#### DATA SUPPLIED:

■ ■ ■

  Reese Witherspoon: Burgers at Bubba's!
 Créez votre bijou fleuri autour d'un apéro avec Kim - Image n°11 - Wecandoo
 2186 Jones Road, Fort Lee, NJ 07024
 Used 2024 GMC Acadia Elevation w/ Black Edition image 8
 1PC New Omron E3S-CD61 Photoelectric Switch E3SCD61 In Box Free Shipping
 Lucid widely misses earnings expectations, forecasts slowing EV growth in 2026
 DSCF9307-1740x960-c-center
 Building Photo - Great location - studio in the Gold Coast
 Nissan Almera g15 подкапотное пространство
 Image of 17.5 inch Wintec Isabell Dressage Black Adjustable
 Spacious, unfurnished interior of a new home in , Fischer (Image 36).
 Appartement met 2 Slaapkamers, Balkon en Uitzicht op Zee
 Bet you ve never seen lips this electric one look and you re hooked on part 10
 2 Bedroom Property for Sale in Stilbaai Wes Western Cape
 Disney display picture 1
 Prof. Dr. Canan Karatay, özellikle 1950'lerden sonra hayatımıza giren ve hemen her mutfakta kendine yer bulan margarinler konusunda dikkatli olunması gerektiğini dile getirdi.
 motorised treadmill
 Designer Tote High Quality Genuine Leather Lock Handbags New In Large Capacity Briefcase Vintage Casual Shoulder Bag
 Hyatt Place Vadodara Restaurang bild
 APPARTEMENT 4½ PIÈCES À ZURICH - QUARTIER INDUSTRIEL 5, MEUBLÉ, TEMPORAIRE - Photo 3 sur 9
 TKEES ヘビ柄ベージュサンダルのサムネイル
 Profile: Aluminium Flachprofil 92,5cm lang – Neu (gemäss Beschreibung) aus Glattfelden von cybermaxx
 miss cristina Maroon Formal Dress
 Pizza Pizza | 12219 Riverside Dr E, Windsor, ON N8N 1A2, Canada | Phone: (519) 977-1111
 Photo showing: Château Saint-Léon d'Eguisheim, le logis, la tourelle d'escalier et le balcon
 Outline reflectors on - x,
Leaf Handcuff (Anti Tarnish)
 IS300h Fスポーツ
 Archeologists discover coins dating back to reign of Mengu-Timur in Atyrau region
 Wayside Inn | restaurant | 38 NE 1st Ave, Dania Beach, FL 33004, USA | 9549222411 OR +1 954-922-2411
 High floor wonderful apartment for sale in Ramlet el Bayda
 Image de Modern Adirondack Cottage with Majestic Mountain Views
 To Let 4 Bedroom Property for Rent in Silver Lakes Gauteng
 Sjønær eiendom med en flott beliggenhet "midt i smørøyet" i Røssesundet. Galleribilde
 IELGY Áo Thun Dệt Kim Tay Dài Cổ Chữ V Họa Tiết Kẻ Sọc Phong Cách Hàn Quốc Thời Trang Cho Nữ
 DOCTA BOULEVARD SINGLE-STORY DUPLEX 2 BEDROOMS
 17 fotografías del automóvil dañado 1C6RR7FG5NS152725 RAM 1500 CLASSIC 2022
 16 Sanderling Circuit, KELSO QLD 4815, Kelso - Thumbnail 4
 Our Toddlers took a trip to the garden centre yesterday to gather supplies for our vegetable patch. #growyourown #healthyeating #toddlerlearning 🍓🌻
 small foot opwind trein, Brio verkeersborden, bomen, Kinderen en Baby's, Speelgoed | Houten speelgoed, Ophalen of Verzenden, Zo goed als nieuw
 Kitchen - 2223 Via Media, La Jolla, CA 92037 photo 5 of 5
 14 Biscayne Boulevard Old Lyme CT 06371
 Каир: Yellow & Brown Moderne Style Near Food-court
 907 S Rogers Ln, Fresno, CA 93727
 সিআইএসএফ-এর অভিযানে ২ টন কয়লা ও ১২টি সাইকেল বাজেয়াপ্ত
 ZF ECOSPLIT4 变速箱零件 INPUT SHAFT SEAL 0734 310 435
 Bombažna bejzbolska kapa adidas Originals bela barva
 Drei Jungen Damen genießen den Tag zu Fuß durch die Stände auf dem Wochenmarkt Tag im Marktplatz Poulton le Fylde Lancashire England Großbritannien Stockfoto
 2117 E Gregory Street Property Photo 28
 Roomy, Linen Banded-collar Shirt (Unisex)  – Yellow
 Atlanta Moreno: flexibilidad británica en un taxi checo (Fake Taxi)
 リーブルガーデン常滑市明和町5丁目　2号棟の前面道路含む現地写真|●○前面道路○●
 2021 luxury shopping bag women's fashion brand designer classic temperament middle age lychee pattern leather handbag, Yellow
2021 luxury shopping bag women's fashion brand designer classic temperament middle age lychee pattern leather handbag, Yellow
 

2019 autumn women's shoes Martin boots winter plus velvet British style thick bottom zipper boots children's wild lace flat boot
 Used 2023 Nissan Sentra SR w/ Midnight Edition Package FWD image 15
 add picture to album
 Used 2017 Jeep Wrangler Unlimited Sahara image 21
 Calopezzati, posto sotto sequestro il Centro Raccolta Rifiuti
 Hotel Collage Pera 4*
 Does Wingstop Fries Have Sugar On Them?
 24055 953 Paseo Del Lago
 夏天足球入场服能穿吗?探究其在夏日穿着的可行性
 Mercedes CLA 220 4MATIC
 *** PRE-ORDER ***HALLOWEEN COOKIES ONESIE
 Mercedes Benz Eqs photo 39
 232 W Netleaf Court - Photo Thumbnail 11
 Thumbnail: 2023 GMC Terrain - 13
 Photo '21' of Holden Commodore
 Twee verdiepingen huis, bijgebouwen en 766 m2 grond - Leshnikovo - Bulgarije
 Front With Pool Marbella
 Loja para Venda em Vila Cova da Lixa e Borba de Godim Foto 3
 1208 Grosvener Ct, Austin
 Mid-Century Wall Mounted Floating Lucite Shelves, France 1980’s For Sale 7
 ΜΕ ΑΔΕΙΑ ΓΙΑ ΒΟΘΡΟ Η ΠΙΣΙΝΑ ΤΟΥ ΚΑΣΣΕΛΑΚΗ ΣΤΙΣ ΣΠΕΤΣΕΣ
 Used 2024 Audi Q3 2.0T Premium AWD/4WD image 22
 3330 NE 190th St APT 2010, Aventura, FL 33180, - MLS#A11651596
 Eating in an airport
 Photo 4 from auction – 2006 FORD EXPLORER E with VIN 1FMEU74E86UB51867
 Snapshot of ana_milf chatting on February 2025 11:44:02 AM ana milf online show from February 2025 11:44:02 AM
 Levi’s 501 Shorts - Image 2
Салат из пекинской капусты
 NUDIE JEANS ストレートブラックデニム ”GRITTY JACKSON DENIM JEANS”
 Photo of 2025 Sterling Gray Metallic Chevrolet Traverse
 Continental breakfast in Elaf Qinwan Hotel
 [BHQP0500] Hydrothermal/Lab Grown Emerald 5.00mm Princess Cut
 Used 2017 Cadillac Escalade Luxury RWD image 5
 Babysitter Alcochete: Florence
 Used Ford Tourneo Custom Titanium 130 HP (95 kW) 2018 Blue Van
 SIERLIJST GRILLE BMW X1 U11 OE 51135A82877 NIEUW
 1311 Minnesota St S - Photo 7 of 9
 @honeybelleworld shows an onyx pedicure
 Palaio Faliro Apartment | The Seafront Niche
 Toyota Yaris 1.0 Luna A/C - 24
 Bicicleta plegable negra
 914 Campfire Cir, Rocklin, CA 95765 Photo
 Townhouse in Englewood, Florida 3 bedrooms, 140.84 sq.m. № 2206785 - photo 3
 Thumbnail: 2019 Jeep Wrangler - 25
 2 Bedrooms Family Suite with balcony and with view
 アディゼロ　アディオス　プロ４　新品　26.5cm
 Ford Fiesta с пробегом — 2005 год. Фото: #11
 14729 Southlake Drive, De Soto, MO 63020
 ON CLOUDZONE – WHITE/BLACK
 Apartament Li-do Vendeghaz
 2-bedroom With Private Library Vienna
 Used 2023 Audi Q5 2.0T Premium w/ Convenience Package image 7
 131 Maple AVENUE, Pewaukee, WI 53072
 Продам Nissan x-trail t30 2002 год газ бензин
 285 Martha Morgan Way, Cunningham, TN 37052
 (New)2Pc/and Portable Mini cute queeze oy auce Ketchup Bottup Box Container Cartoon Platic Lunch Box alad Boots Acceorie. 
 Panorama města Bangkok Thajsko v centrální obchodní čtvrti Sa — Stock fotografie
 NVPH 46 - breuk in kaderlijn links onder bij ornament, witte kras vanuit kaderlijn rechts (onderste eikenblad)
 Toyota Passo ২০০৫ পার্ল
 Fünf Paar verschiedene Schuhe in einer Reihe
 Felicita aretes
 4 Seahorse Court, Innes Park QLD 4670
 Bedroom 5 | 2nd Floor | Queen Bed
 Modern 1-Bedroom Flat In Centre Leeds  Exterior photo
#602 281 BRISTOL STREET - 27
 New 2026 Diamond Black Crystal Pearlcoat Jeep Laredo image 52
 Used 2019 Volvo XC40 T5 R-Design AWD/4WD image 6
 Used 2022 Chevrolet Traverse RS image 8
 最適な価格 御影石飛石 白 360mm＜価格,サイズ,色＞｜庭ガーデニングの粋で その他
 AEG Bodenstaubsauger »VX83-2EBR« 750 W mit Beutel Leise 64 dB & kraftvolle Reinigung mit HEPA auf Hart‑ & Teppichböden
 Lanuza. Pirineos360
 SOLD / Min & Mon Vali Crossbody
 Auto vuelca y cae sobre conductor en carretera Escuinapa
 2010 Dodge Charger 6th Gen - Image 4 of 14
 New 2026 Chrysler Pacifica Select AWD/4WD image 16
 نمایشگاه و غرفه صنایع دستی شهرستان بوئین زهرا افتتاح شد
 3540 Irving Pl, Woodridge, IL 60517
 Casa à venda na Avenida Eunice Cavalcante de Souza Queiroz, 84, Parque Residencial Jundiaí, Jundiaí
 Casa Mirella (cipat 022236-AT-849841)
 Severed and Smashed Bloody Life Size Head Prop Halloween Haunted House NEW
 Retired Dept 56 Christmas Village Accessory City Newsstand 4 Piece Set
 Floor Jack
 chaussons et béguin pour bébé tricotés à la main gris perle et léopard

■ ■ ■

What you return must be the lines above that run from the line with "Panorama města Bangkok" to the line with "最適な価格 御影石飛石 白 360mm＜価格,サイズ,色＞｜庭ガーデニングの粋で その他", inclusive, each copied exactly.

#### WRITTEN RESPONSE:
 Panorama města Bangkok Thajsko v centrální obchodní čtvrti Sa — Stock fotografie
 NVPH 46 - breuk in kaderlijn links onder bij ornament, witte kras vanuit kaderlijn rechts (onderste eikenblad)
 Toyota Passo ২০০৫ পার্ল
 Fünf Paar verschiedene Schuhe in einer Reihe
 Felicita aretes
 4 Seahorse Court, Innes Park QLD 4670
 Bedroom 5 | 2nd Floor | Queen Bed
 Modern 1-Bedroom Flat In Centre Leeds  Exterior photo
#602 281 BRISTOL STREET - 27
 New 2026 Diamond Black Crystal Pearlcoat Jeep Laredo image 52
 Used 2019 Volvo XC40 T5 R-Design AWD/4WD image 6
 Used 2022 Chevrolet Traverse RS image 8
 最適な価格 御影石飛石 白 360mm＜価格,サイズ,色＞｜庭ガーデニングの粋で その他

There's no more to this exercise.